I am confused about the hashtable in unordered containers... or at least in sets.
So, I thought it would work like this:
I hash my object. I calculate the modulo of object and vector lengths (hash%vectorlength) and use that as the index for the pointer to my object in the hash table.. which is a vector as far as I know...

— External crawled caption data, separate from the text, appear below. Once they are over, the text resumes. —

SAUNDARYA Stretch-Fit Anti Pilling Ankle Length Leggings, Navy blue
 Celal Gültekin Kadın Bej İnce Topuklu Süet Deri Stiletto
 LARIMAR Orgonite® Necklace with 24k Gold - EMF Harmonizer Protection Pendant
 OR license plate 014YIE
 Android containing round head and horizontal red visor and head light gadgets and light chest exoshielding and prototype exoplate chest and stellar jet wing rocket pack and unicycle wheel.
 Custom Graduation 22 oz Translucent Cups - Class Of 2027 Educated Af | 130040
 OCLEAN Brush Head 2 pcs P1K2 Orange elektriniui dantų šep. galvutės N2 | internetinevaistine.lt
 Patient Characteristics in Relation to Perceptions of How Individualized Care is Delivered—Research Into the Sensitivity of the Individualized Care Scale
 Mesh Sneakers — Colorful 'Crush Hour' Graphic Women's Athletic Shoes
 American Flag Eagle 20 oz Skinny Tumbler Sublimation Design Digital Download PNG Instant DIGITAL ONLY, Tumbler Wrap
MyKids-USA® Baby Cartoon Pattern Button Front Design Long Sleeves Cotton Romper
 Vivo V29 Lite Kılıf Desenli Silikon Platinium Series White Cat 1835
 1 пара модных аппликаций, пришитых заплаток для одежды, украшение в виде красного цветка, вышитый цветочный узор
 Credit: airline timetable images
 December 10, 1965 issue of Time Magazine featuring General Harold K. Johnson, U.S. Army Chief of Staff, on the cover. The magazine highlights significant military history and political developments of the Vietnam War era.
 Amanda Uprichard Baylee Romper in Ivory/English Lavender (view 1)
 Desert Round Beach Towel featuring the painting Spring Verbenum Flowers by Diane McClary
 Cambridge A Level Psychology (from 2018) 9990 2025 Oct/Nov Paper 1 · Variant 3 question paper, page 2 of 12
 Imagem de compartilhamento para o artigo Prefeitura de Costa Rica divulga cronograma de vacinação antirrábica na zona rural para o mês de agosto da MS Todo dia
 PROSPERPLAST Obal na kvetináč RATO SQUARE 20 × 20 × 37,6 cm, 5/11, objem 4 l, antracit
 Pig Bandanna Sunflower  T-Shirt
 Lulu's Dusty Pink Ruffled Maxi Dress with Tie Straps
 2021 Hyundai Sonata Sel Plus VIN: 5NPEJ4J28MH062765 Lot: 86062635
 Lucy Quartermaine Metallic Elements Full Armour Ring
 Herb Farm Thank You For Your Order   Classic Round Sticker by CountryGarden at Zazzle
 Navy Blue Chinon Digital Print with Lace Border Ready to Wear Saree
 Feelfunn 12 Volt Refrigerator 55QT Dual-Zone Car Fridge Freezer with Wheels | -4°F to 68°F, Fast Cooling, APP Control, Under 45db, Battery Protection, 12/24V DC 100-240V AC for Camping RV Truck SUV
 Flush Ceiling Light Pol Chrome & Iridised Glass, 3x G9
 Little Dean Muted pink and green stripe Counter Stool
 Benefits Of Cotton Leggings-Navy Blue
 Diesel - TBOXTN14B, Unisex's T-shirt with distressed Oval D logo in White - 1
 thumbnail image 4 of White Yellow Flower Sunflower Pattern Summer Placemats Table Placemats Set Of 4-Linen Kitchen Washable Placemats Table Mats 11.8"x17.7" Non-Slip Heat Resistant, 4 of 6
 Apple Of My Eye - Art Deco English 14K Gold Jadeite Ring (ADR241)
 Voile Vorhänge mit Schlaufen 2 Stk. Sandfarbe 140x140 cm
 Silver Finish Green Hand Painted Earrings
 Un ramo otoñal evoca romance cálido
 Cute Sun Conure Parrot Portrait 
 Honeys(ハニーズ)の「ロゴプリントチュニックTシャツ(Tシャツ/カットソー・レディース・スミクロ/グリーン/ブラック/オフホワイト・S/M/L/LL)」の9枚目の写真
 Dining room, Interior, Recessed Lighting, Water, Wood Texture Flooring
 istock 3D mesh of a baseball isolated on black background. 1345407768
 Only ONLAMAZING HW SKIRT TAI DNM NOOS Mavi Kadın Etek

so for a naive hash function that returns for a int wrapper just the int member's value it would look like this:
hash table:
vector index: [0, 1, 2, 3, 4]
| | | | |
object with value...: 0 1 2 3 4
I wrote a program to test that:
#include <iostream>
#include <unordered_set>
struct Obj
{
public:
Obj(int i)
{
mem = i;
}
friend bool operator==(const Obj& o1, const Obj& o2)
{
return (o1.mem == o2.mem);
}
friend std::ostream& operator<<(std::ostream& o, const Obj& obj)
{
o << obj.mem;
return o;
}
int mem;
};
namespace std
{
template<>
struct hash<Obj>
{
size_t operator()(const Obj& r) const
{
size_t hash = r.mem;
return hash;
}
};
}
int main()
{
std::unordered_set<Obj> map;
for (int i = 0; i < 5; ++i)
{
map.insert(Obj(i));
}
for(auto it = map.begin(); it != map.end(); ++it)
{
std::cout << (*it) << std::endl;
}
}
I expected the output
0
1
2
3
4
but I got:
4
3
2
1
0
Why is that?
While it's true the Standard Library implementations can do whatever they like, it's also interesting to see where your assumptions - and those expressed in several comments - correspond with an actual implementation.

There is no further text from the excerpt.